Saturday, 6 December, 2008. I was returning home after a tedious day, over 2 hours of which I’d spent traversing a 2-kilometre stretch of road (from the Festac-Amuwo Odofin link bridge to Mega-Chicken — the traffic situation was straight out of a nightmare). I’d finally got to Daleko bridge, Mushin, where there was some traffic, but nothing serious.

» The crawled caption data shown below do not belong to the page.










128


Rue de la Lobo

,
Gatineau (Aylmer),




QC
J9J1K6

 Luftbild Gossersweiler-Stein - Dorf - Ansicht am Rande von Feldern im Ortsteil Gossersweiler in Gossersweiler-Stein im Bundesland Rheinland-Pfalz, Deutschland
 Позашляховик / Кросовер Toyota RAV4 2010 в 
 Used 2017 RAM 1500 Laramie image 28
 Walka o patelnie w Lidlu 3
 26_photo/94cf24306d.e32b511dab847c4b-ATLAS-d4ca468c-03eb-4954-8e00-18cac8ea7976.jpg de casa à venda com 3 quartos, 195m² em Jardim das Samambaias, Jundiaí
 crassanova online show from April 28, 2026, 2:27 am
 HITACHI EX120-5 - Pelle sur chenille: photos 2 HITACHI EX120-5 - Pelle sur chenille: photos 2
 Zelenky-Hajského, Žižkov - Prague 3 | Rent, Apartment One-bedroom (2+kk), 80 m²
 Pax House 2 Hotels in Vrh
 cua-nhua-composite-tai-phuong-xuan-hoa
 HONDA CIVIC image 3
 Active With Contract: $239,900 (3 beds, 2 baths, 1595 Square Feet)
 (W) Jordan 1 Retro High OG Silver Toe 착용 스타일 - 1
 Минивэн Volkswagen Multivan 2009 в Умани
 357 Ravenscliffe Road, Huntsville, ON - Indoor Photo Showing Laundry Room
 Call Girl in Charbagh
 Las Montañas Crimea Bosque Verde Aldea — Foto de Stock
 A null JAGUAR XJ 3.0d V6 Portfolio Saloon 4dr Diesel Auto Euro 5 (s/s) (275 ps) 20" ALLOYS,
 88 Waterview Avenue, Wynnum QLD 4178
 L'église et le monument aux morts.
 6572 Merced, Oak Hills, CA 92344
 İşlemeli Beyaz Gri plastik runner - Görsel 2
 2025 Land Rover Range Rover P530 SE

At 8:52pm, I made a quick call home to say I’d be there in maybe half an hour. From my other phone, Jennifer Knapp was belting out “Bring Me Into You.” The car before me moved forward some. I followed. I was suddenly aware of 2 guys walking over from my left. One sported a dirty white tee-shirt, the other was in ankara. White Tee came over to my window, which was down, and asked for “somet’in.” I briefly wondered if thieves could actually ply their “trade” right here on top of the bridge. By this time, Ankara was at the passenger side, where he met the door locked and the window up, and White Tee was asking me to give up my phone. And sticking his hand in my breast pocket. And now Ankara was at my window too and I saw a quick movement — he was bringing something out! (I never did determine what it was, but it wasn’t a gun.)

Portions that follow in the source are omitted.